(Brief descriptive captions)

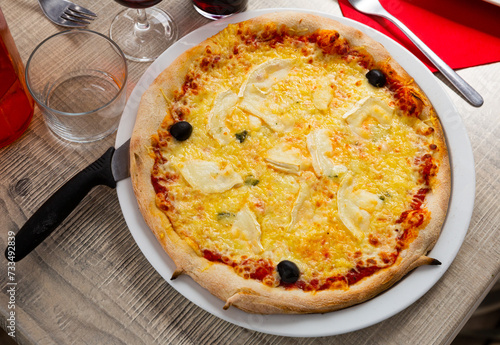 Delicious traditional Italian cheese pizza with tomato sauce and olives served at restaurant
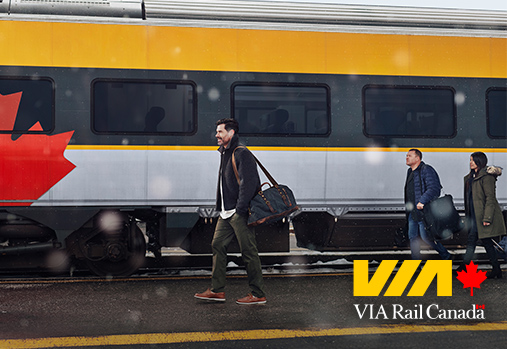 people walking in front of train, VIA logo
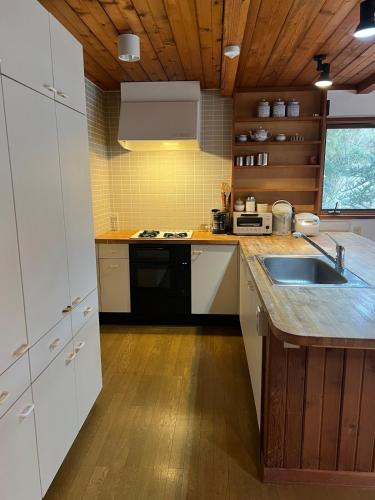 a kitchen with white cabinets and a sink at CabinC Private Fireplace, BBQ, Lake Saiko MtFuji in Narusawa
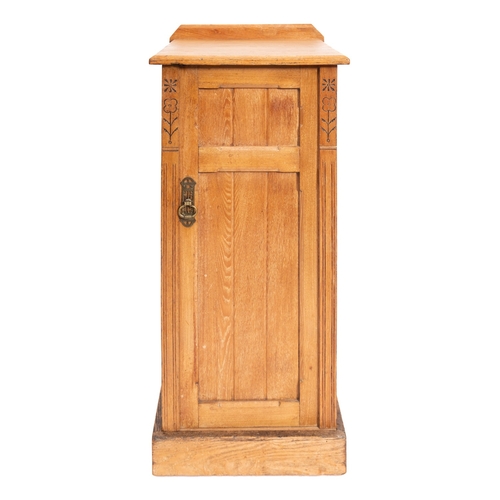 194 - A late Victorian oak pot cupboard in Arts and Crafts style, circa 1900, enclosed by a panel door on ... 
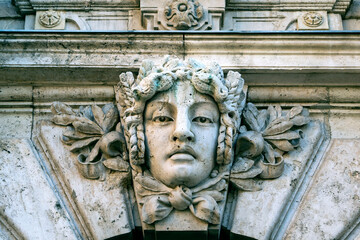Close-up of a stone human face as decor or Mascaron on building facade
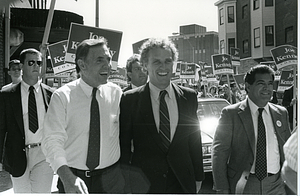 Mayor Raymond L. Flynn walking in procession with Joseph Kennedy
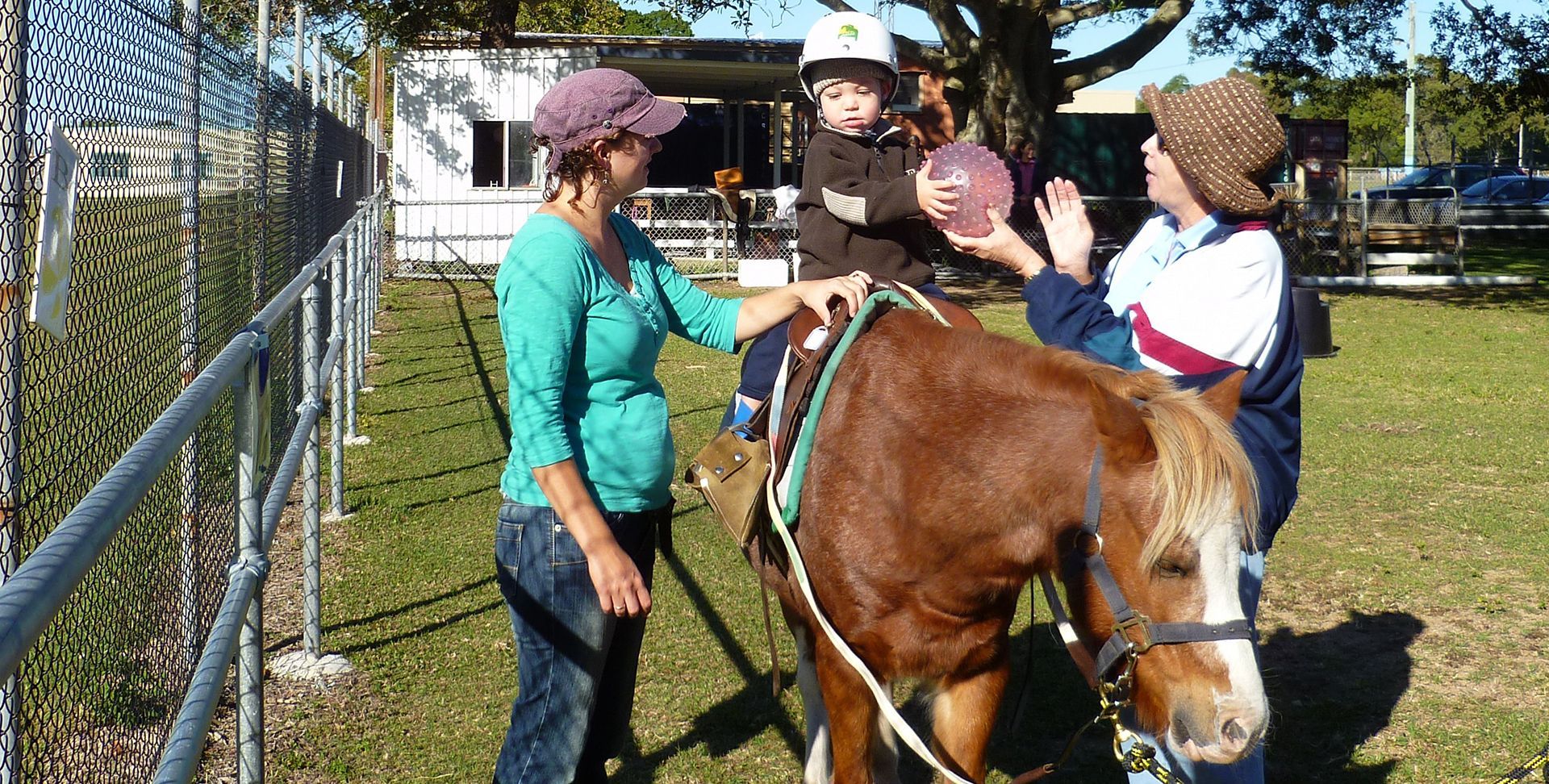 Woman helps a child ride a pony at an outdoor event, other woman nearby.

* What the task asks: From the line containing "194 - A late" through the end of the entries, quote each line exactly and nothing else, excluding all pictures.

* Answer box:
 194 - A late Victorian oak pot cupboard in Arts and Crafts style, circa 1900, enclosed by a panel door on ... 
Close-up of a stone human face as decor or Mascaron on building facade
 Mayor Raymond L. Flynn walking in procession with Joseph Kennedy
 Woman helps a child ride a pony at an outdoor event, other woman nearby.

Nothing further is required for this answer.